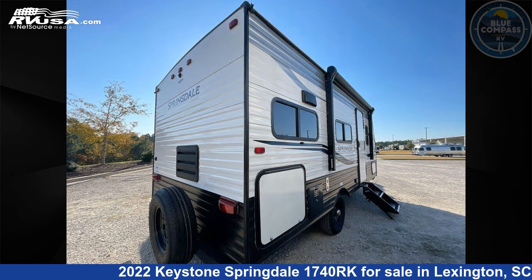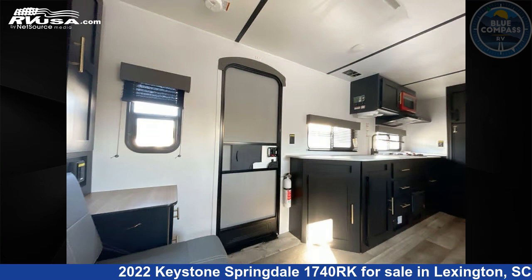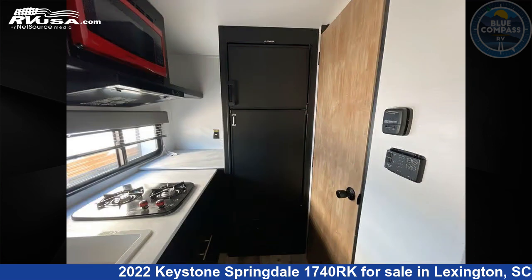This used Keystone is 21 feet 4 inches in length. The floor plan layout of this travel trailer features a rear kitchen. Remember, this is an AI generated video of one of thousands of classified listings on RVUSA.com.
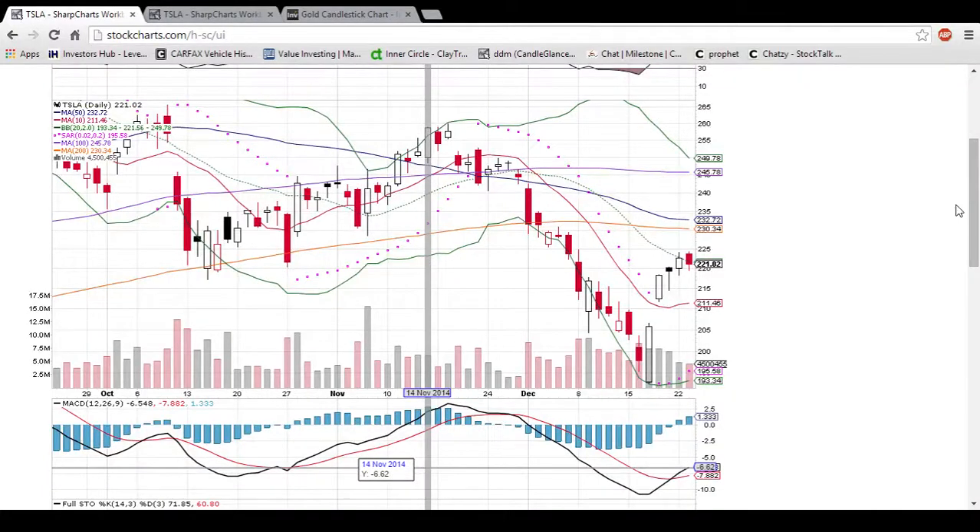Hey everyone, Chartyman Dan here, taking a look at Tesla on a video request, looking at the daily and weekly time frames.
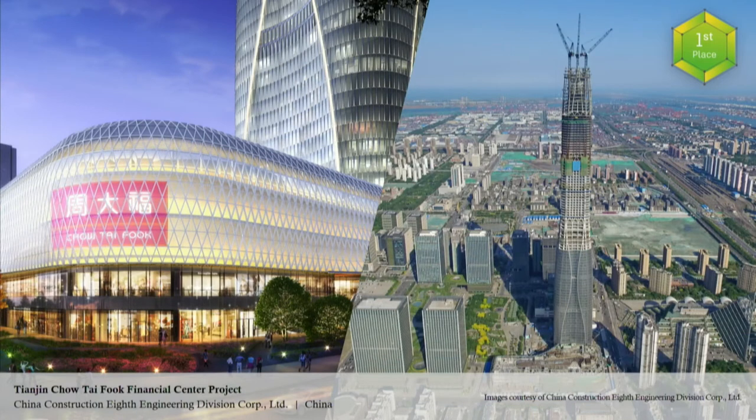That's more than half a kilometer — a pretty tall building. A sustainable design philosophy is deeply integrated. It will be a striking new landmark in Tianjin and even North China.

---

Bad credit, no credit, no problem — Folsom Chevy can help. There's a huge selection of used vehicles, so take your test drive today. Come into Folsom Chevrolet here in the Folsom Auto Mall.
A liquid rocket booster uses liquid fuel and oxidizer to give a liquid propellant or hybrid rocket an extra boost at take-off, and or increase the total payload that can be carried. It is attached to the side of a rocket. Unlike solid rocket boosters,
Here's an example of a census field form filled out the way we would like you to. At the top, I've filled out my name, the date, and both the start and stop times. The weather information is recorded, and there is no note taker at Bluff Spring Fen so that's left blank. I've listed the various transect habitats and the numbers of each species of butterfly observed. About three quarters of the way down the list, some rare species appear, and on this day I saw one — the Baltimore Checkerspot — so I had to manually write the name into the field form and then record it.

- _WHAT THIS TASK INVOLVES_:
Each line of the listing above that includes the word "into" should be copied.

- _REPLY_:
Bad credit, no credit, no problem — Folsom Chevy can help. There's a huge selection of used vehicles, so take your test drive today. Come into Folsom Chevrolet here in the Folsom Auto Mall.
Here's an example of a census field form filled out the way we would like you to. At the top, I've filled out my name, the date, and both the start and stop times. The weather information is recorded, and there is no note taker at Bluff Spring Fen so that's left blank. I've listed the various transect habitats and the numbers of each species of butterfly observed. About three quarters of the way down the list, some rare species appear, and on this day I saw one — the Baltimore Checkerspot — so I had to manually write the name into the field form and then record it.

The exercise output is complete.